Fully Homomorphic Encryption (FHE) is a widely used cryptographic primitive for performing arbitrary computations on encrypted data. However, FHE incorporates a computationally intensive mechanism known as "bootstrapping", that resets the noise in the ciphertext to a lower level allowing the computation on circuits of arbitrary depth. This process can take significant time, ranging from several minutes to hours. To address the above issue, in this work, we propose an Electronic Design Automation (EDA) framework FHEDA that generates efficient Boolean representations of circuits compatible with the Torus-FHE (ASIACRYPT 2020) scheme. To the best of our knowledge, this is the first work in the EDA domain of FHE. We integrate logic synthesis tricks and gate optimization techniques into our FHEDA framework for reducing the total number of bootstrapping operations in a Boolean circuit, which leads to a significant (up to 50%) reduction in homomorphic computation time.
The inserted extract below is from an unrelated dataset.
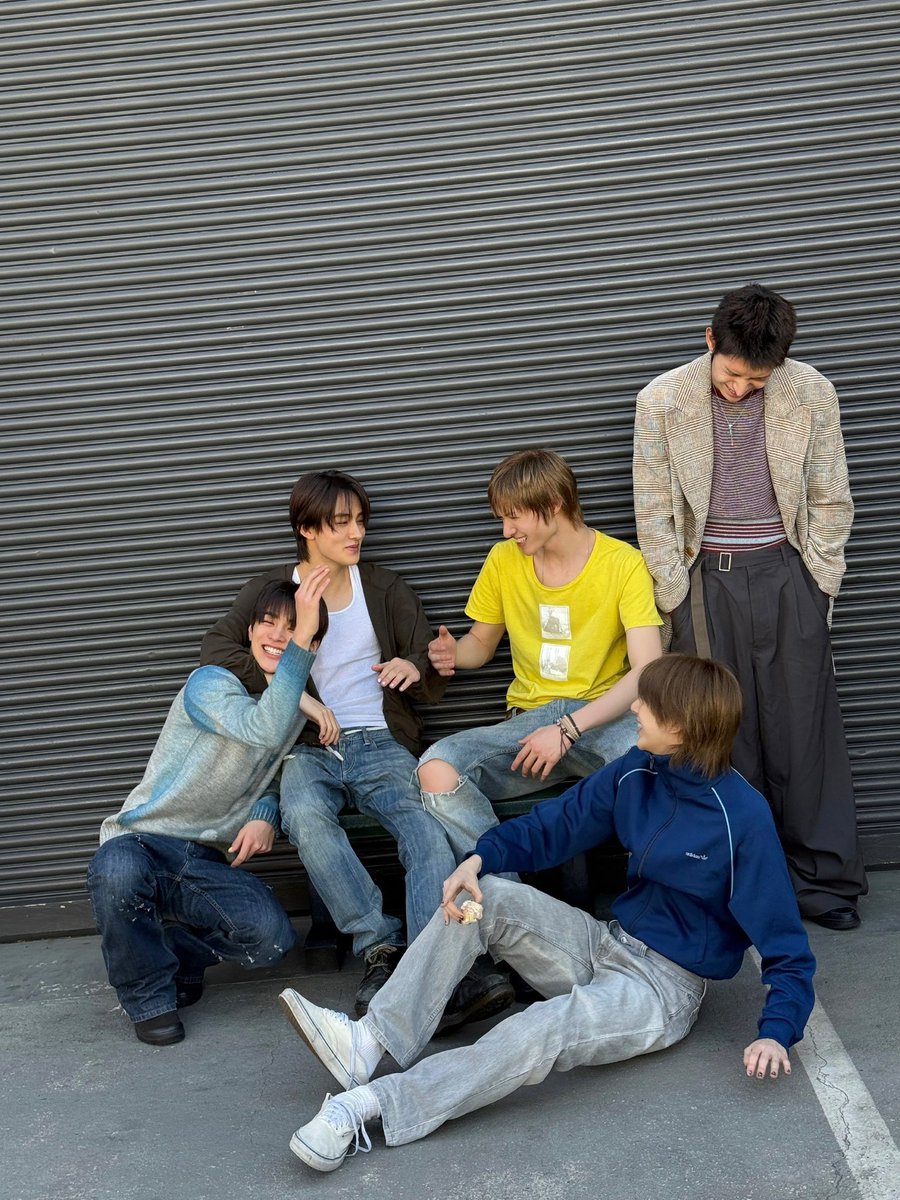 ahnkemnho's tweet photo. LA photo dump with all my bros. too much fun, too many memories, and never a dull moment when we’re all together. https://t.co/KRqVRXp1qV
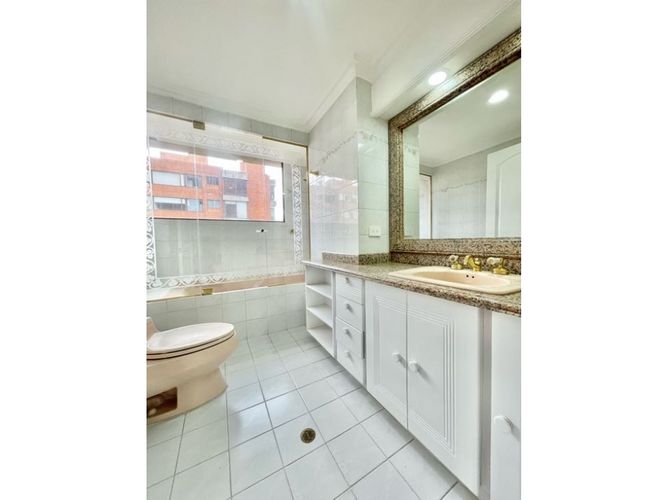 Apartamento en venta en Santa Barbara, Bogotá · foto 21 de 23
Our FHEDA is built upon the observation that in Torus-FHE at most one Boolean gate over fresh encryptions does not require bootstrapping. By integrating this observation with logic replacement techniques into FHEDA, we could reduce the total number of bootstrapping operations along with the circuit depth. This eventually reduces the homomorphic evaluation time of Boolean circuits. In order to verify the efficacy of our approach, we assess the performance of the proposed EDA flow on a diverse set of representative benchmarks including privacy-preserving machine learning and different symmetric key block ciphers.